I now have six beds 10'x10' approximately for daylily seedlings. I would love to get some suggestions on how to manage these beds. Currently I have about 250 of my seedlings planted in the beds. That takes 2.5 beds.
I also have a bed of seedlings I grew from seed crossed by Hemlady but I will cull those this year in the fall, and I doubt I will have many if any keepers among the approximately 20 plants.
Now I have decided to grow about 200 seedlings per year, that would take up two beds with my 1 foot x 1 foot spacing. I overshot that this first year, but I hope that will work out alright (depends on how many plants I cull).
Now I have no idea how many plants I will keep out of the approximately 300 total seedlings (plus more still in the cups I will talk about later). That means at present 3 and 1/2 beds have seedlings that will be culled.

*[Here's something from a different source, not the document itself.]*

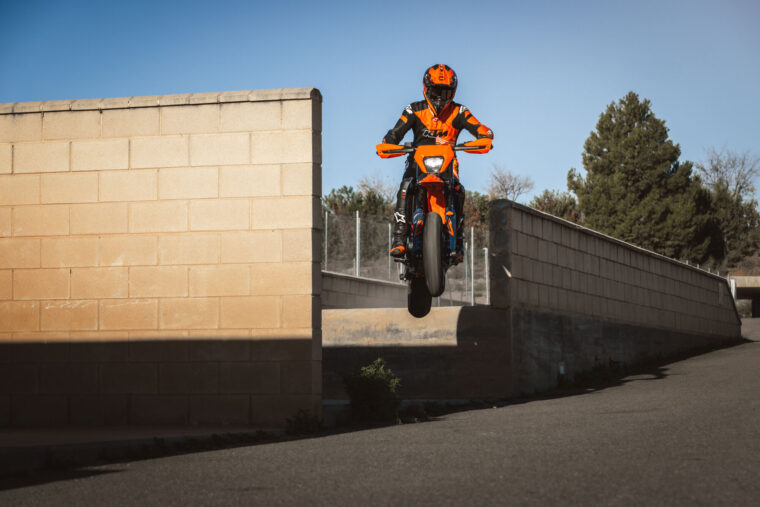 KTM-690-SMC-R-2026-accion9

My problem is how do I plan on how much space to allow each year for the ones that are keepers. How to rotate the beds, and fill in the vacancies is a dilemma.

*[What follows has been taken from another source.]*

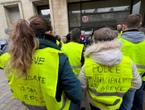 « C’est une grève totale » : à Beauvais, les policiers municipaux crient leur colère devant la mairie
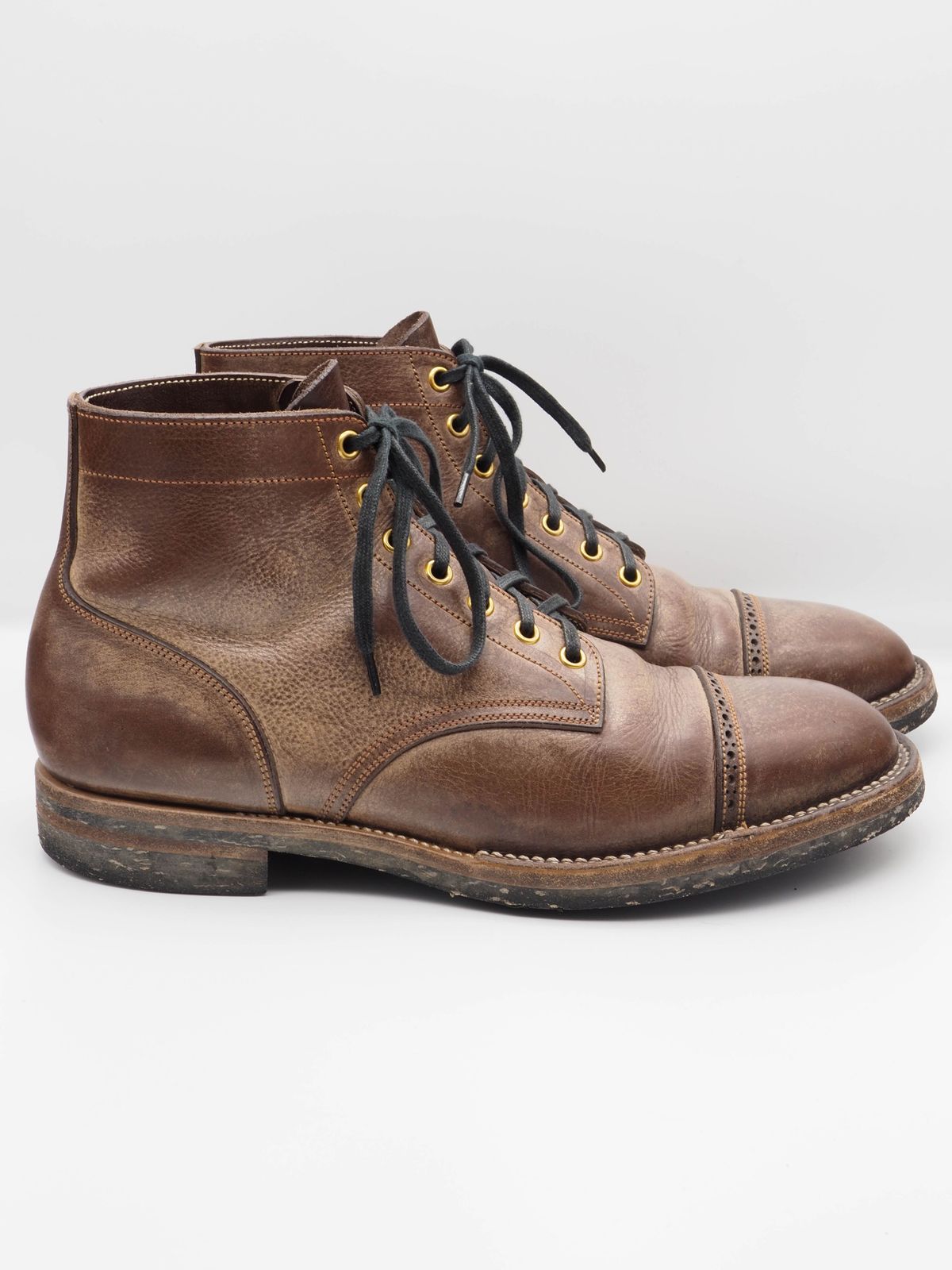 Photo by patinathunderdome on December 4, 2021 of the Iron Boots Devil Dog in Coffee Brown Italy Waxed Bullhide.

I don't want empty beds just sitting there. I have given some thought to using the vacant beds for Hippeastrum seeds and then removing the plants when the beds were ready for daylilies. Of course after a couple of years the beds will be filled with daylilies, and that is where my problem is.
So right now space is not a problem, but I can see that in two or three years things will have to be managed properly for the space to provide for the keepers and to plant new seedlings while discarding the culls.
Partial view of the new beds.
Some of my seedling crosses:
Seedlings from Hemlady crosses:
Now about the plants in the cups still. I have two small beds that I have lots of seedlings growing that are still in the cups they were started in. Most of them are duplicates of the crosses planted in the beds, a few are still growing in cups because they were too small to be planted in the beds when the others were planted out, so were left in the cups for added protection and to allow them to mature. I have these all together now (moved them from three other small beds) so it will be easier to keep an eye on them. There are probably one to ten plants in each cup. I am just waiting to see if anything really outstanding manages to stand out among these that might deserve to be moved to the larger seedling beds.
The first small bed with seedlings in a cup.
There are nine cups on the front row of this bed that were just planted the other day, I went though and picked these out of the refrigerator, some were crosses that had not been planted, others were crosses with only a few seedlings for that cross had survived.